Jesus never intended a
monarchical papacy in the corrupt sense of the Pope being an absolute
worldly monarch, but the church leadership Jesus intended was
‘monarchical’ in the sense that it was based on his authority as King of
Kings. The reference to Isaiah 22 shows that the structure of Jesus’
kingdom was modeled on King David’s dynastic court. In Luke 1.32-33
Jesus’ birth is announced in royal terms. He will inherit the throne of
his father David. He will rule over the house of Jacob and his kingdom
shall never end. Like Eliakim, to whom Jesus refers, Peter is to be the
appointed authority in this court, and as such his role is that of
steward and ruler in the absence of the High King, the scion of the
House of David. That Peter assumes this pre-eminent role of leadership
in the early church is attested to throughout the New Testament from his
first place in the list of the apostles, to his dynamic preaching on
the day of Pentecost, his decision making at the Council of Jerusalem
and the deference shown to him by St Paul and the other apostles.
Did
Jesus plan the monarchical papacy? He did not plan for the sometimes
corrupt, venal and worldly papacy that it has sometimes become down
through history, but Jesus did plan for one man to be his royal delegate
on earth. He did plan for one man to lead the others (Lk.22.32) He did
plan for one man to take up the spiritual and temporal leadership of his
church. This is shown not only through the famous passage from Matthew
16, but also in the final chapter of John’s gospel where Jesus the Good
Shepherd hands his pastoral role over to Peter.
Was the early church de-centralized?
Independent
Evangelical churches follow the Baptist Successionist idea that the
early church was de-centralized. They like to imagine that the early
Christians met in their homes for Bible study and prayer, and that in
this pure form they existed independently of any central authority. It
is easy to imagine that long ago in the ancient world transportation and
communication was rare and difficult and that no form of centralized
church authority could have existed even if it was desirable.
The
most straightforward reading of the Acts of the Apostles shows this to
be untrue, and a further reading of early church documents shows this to
be no more than a back-projected invention. In the Acts of the Apostles
what we find is a church that is immediately centralized in Jerusalem.
When Peter has his disturbing vision in which God directs him to admit
the Gentiles to the Church, he references back at once to the apostolic
leadership in Jerusalem.(Acts 11:2)
The mission of the infant
church was directed from Jerusalem, with Barnabas and Agabus being sent
to Antioch (Acts 11:22,27) The Council of Jerusalem (Acts 15) was
convened to decide on the Gentile decision and a letter of instruction
was sent to the new churches in Antioch, Syria and Cilicia. (Acts 15:23)
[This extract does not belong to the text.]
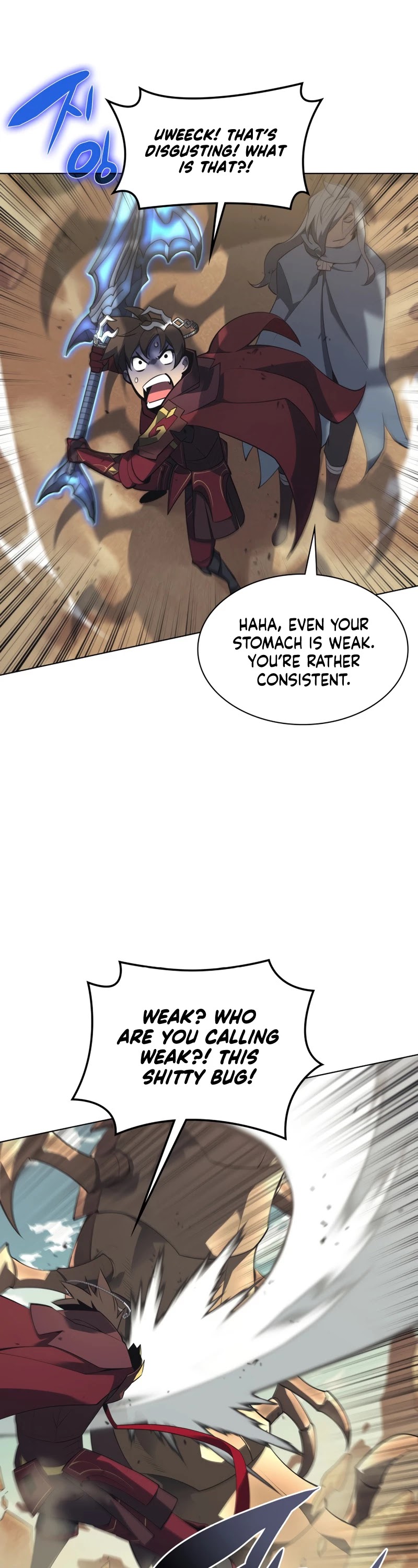 Overgeared (Team Argo) Chapter 113 page 15 - Chapter 113: Young Lions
We see Philip, John Mark, Barnabas and Paul traveling to and from
Jerusalem and providing a teaching and disciplinary link from the new
churches back to the centralized church in Jerusalem.
After the
martyrdom of James the leadership shifts to Peter and Paul. The
authority is not centered on Jerusalem, but through their epistles to
the various churches, we see a centralized authority that is vested in
Peter and Paul as apostles. This central authority was very soon
focussed on Rome, so that St Ignatius, a bishop of the church in Antioch
would write to the Romans in the year 108 affirming that their church
was the one that had the “superior place in love among the churches.’”
Historian
Eamon Duffy suggests that the earliest leadership in the Roman church
may have been more conciliar than monarchical because in his letter to
the Corinthians, Clement of Rome doesn’t write as the Bishop of Rome,
but even if this is so Duffy confirms that the early church believed
Clement was the fourth Bishop of Rome and read Clement’s letter as
support for centralized Roman authority. He also concedes that by the
time of Irenaeus in the mid second century the centralizing role of the
Bishop of Rome was already well established. From then on, citation
after citation from the apostolic Fathers can be compiled to show that
the whole church from Gaul to North Africa and from Syria to Spain
affirm the primacy of the Bishop of Rome as the successor of Peter and
Paul.
The acceptance of this centralized authority was a sign of
belonging to the one true church so that St Jerome could write to Pope
Damasus in the mid 300s, “I think it is my duty to consult the chair of
Peter, and to turn to a church whose faith has been praised by Paul… My
words are spoken to the successor of the fisherman, to the disciple of
the cross. As I follow no leader save Christ, so I communicate with none
but your blessedness, that is with the chair of Peter. For this, I
know, is the rock on which the church is built!”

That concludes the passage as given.